Organizations do not simply inherit talent. They cultivate, constrain, or amplify it through the environments they create.
Potential activation and performance compounding
If environments influence capability, then the next question becomes how capability develops over time.
Research on expertise, learning, and development suggests that growth occurs through a compounding process rather than a single event.
K. Anders Ericsson's work on expert performance challenged the assumption that excellence is primarily the result of innate talent. His research demonstrated that expertise develops through deliberate practice, structured feedback, and repeated cycles of improvement.⁷ Growth occurs when individuals continuously operate at the edge of their current abilities.
Similarly, Carol Dweck's research found that individuals who believe their capabilities can be developed are more likely to embrace challenges, persist through setbacks, and achieve higher levels of learning.⁸
Within organizations, Chris Argyris and Donald Schön demonstrated that learning accelerates when individuals question not only their actions but also the assumptions that drive those actions.⁹ This process of double-loop learning allows people and organizations to continually expand their capabilities rather than merely optimize existing behaviors.
Although these researchers approached the problem from different perspectives, they describe a remarkably similar phenomenon. Learning creates capability. Capability creates opportunity. Opportunity creates additional learning. The cycle repeats.
What emerges is a compounding effect.
Small improvements accumulate over time. Knowledge builds upon knowledge. Confidence builds upon competence. Judgment improves through experience. Capability expands through use.
This process reflects what the Devonport lexicon describes as Performance Compounding: the accelerating effect that occurs when learning, experience, capability, and intelligent augmentation continuously reinforce one another over time.
Potential activation is the mechanism. Performance compounding is the outcome.
Performance is often the visible result. Capability is the underlying cause.
Collective cognition and organizational growth
Traditional organizations often evaluate potential at the individual level. Yet some of the most important research in organizational learning suggests that capability also exists collectively.
Peter Senge argued that “the organizations that will truly excel in the future will be the organizations that discover how to tap people’s commitment and capacity to learn at all levels in an organization.”¹⁰ His work shifted attention from individual expertise to the systems that enable groups to learn together.
Similarly, Amy Edmondson's research demonstrated that teams learn more effectively when environments encourage contribution, experimentation, and learning from failure.¹¹ The significance of psychological safety is not simply that people feel comfortable. Rather, it enables the exchange of information and ideas required for collective learning.

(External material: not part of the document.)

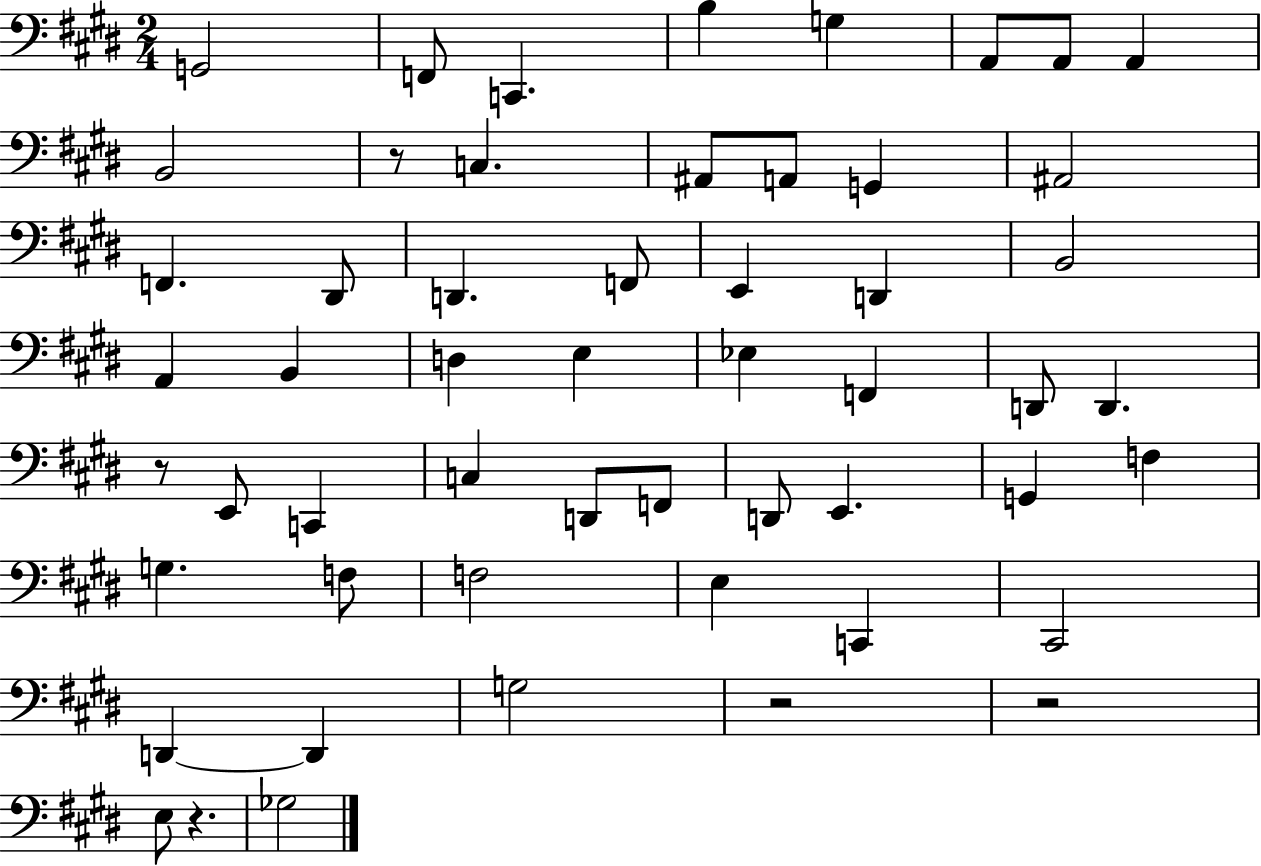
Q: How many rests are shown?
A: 5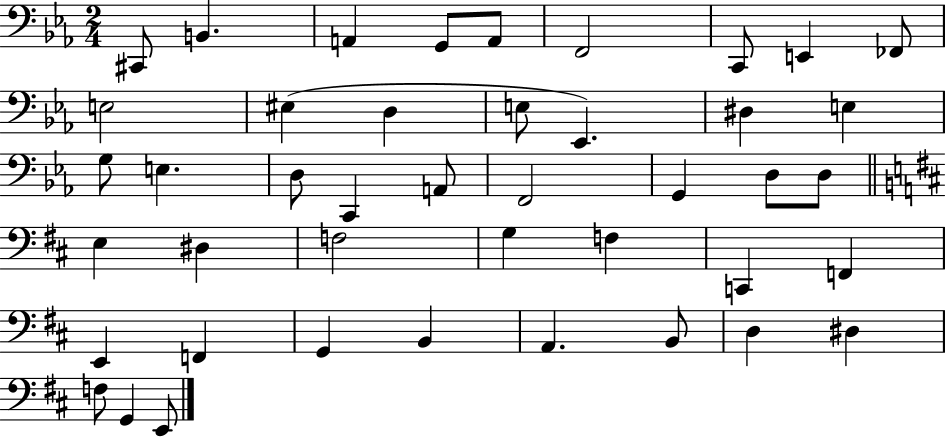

The deeper insight is that organizations do not create advantage solely through exceptional individuals. They create advantage through the ability of individuals to learn, contribute, and think together.
This aligns closely with the concept of Collective Cognition. Intelligence is not limited to what exists within any one person. It emerges through the interactions between people, teams, systems, and shared knowledge. The capability of the organization therefore becomes greater than the sum of its individual contributors.
Potential exists not only within individuals but within networks of relationships.
Organizations that optimize for potential understand that their greatest opportunities often emerge from collective capability rather than individual performance.
Artificial intelligence creates new developmental environments
Artificial intelligence introduces a new dimension to the relationship between environment and human potential.
Previous technological revolutions primarily amplified physical capability. AI increasingly amplifies cognitive capability. It expands access to information, accelerates feedback, supports decision-making, and lowers barriers to expertise.
Recent research by Erik Brynjolfsson and colleagues found that generative AI significantly improved worker performance, particularly among less experienced employees, effectively democratizing access to expertise.¹² Their findings suggest that AI can function as a capability multiplier rather than merely a productivity tool.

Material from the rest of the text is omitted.